The answer must consist of every line from the data that holds "Wooden".

(Stored entries)
○ ○ ○ ○ ○ ○ ○

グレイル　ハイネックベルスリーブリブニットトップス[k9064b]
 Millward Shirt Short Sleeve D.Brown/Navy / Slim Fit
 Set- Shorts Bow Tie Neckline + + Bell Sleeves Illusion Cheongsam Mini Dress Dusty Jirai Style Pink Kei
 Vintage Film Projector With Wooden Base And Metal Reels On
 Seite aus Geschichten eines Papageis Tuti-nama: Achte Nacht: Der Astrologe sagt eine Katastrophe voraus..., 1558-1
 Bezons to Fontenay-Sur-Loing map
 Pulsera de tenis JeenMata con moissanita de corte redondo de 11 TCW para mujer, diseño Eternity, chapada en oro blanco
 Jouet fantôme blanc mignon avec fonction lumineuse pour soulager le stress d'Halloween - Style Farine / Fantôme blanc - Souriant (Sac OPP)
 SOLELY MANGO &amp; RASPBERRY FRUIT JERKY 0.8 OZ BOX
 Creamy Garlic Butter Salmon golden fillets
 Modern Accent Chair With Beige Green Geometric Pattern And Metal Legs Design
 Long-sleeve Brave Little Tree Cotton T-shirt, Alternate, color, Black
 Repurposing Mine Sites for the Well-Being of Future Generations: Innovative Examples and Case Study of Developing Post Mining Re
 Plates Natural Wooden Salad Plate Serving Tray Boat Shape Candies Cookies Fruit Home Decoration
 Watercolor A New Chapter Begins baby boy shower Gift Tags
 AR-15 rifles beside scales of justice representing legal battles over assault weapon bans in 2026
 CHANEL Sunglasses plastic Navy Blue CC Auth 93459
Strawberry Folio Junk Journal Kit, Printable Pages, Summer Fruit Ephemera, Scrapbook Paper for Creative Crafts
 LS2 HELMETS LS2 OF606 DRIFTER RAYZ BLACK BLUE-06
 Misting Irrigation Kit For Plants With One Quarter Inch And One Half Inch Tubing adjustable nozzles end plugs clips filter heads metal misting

○ ○ ○ ○ ○ ○ ○

» **EXERCISE RESPONSE**
 Vintage Film Projector With Wooden Base And Metal Reels On
 Plates Natural Wooden Salad Plate Serving Tray Boat Shape Candies Cookies Fruit Home Decoration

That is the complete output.